Holly’s an estate agent – one of the million jobs she’s had over the past fifteen years. For now, she sells houses to families who are looking for “real homes”. Funny, that. Mostly she doesn’t sell. Just another thing she’s useless at.
Here’s her selling pitch – it’s genius: “If you move the couch away from the wall you’ll spot the damp. Believe me, under this new paint job the walls are dripping wet. The pipes are rotten.” She beats the honesty is the best policy to a pulp. By the time her sole mandate’s expired the seller’s already lined up another estate agent he can trust to lie.
“I can’t help it, baby. I don’t like to mislead people.” Like that crook who sold us our leaky shack eight years ago.
I leave Holly picking at her toenails and check my appearance in the bathroom mirror. I suck in my cheeks and stare at my reflection. I arrange my hair into a messy bun and use an earbud to smudge my eyeliner. I scan my teeth. All good. I practise smiling, not just with my mouth, but with my eyes. It’s Holly’s smile, flirty but fun. I try frowning instead.
In the lounge, Holly stretches up her arms to me. Her hugs are always fierce. “I love you more than all the stars in the sky.”
I pull away. Hating her.
“More than all the planets in the universe,” she says.
Outside, the rain has stopped and the sun screams down at me from a sky washed clean and blue. This is the way of Joburg summers. This city doesn’t do things half-heartedly. You want a thunderstorm, Joburg will give you one. You want sun? Don’t forget your sunscreen.
On my way to school I pass the For Sale signs outside the houses. Real Homes say the signs, with photos of Holly grinning at me. She’s wearing a dead person’s glasses, even though her eyesight is twenty-twenty. It was my idea: Like, get real, Holly. Who wants to buy a house from someone who looks like a cheerleader?

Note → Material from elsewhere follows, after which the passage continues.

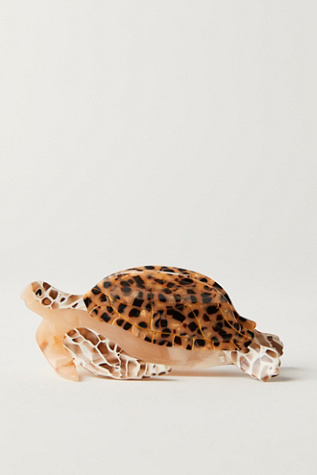 Wild Animal Claw Clip product page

The security guard outside the red brick building opens the gates and lifts the boom.
No firearms or alcohol are permitted on the school premises. Spot tests for drugs will be conducted at the discretion of the school. Underneath this, a No Smoking sign.
Welcome to St Virgilius. Virgins, as me and my fellow inmates call it. Not that we’d confess to being saintly or virtuous even if you beat us over the head with a crucifix.
I hand in my note at the secretary’s office. She’s on the phone but raises an index finger. “Camp fees, Jenna. They were due last week.”
“I’m sure my mom already paid.” Ha! No chance of that. People who can’t sell houses don’t have a lot of cash. “I’ll get her to call you.” I duck out.
I fetch some books from my locker, head for the classroom, and run a hand down the side of my dress. I shortened the hem last week and it’s halfway up my thighs. I’ve got good legs. Holly’s legs. I open the classroom door and try to slip past the teacher in front of the whiteboard.
Andile Skhosana turns around as I reach my desk.
“Nice of you to join us.” The heat rises in my neck and into my cheeks. Someone sniggers.
“See me after class.” He turns back to the board.
See me after class. See me after class. The words beat a tom-tom in my chest.